Как и раньше, Сыма Цянь использует каждую возможность для поисков новых материалов. Продолжением первых путешествий Сыма Цяня по стране была поездка в составе императорской свиты на гору Тайшань и к морю (в год смерти Сыма Таня). Так Сыма Цянь во второй раз побывал в Шаньдуне. На обратном пути он проезжал мимо Великой китайской стены. Величайшее сооружение, поглотившее огромную массу человеческого труда и десятки тысяч жизней, произвело на историка неизгладимое впечатление. “Я… возвращался в столицу по прямому тракту и видел пограничные башни Великой стены, построенной циньским генералом Мэн Тянем.

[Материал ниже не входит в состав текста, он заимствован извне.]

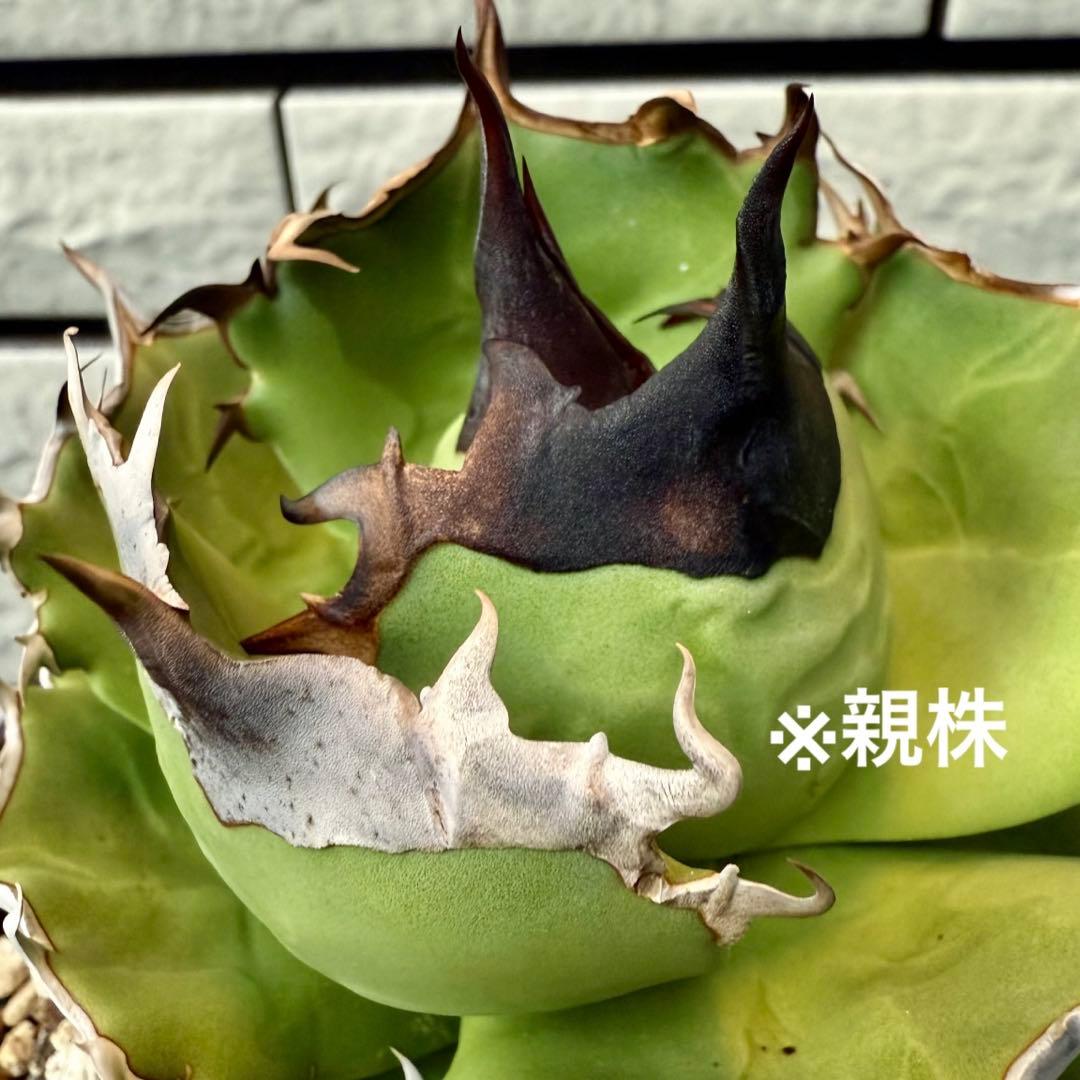 アガベ　チタノタ dennis040 ③ 【限定値下げ】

Срывали горы, засыпали ложбины — прокладывали прямой тракт. Как дешево ценили труд простого [24] народа!” — восклицает Сыма Цянь [23]. И после этого Сыма Цянь неоднократно покидал столицу. Он принимал участие в ирригационных работах на Хуанхэ; побывал на территории современных провинций Ганьсу, Шаньси, Хубэй. Позднее Сыма Цянь писал: “На западе я доезжал до Кунтуна, на севере переходил через Чжолу, на востоке доходил до моря, на юге плавал по Янцзы и Хуайхэ” [24].

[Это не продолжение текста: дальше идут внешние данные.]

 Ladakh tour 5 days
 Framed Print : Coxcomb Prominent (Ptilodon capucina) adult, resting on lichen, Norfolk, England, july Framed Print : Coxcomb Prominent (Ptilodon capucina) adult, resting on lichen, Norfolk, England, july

В 104 г. до н. э. Сыма Цянь завершает работу по систематизации материала и приступает к написанию “Исторических записок”.
Тем временем разыгрывались события, изменившие всю последующую жизнь историка. “Дело Ли Лина”, та роль, которую сыграл в нем Сыма Цянь, и его дальнейшая участь не были, конечно, лишь трагическим стечением обстоятельств. Письмо Сыма Цяня к Жэнь Шао-цину [25] позволяет восстановить картину борьбы при дворе У-ди, достигшей своего апогея в 99 г. “О, что еще сказать? О, что еще сказать? Да кроме этого всего, о самом деле рассказать с начала все и до конца, ах, нелегко все выяснить как есть!” — пишет Сыма Цянь. “…Я смолоду уже все проморгал свои неудержимые таланты. Когда же вырос я, то также я не знал похвальных отзывов моих односельчан. Владыка-царь, по счастью для меня и ради моего покойного отца, дал мне возможность исполнять мои нехитрые дела, входить всегда и выходить в дворцовых кулуарах. Вот я и рассудил тогда, что тому, кто держит таз на голове, зачем смотреть на небо вверх? И вслед за этим прекратил свои знакомства и прием гостей, дела по дому запустил. Стал днем и ночью думать лишь о том, чтоб исчерпать усилия своих совсем никчемных дарований, сосредоточив мысль свою на том единственно одном лишь побужденьи, чтобы снискать себе фавор у государя нашего [25] царя” [26]. Но сама жизнь порождала противоречия, разрешить которые Сыма Цянь был не в силах. Постепенно он убеждался, что и “Сын неба” обладает недостатками смертных; он видел ничтожность сильных мира сего, пробравшихся к кормилу власти “подобно мухам на хвосте лошади”.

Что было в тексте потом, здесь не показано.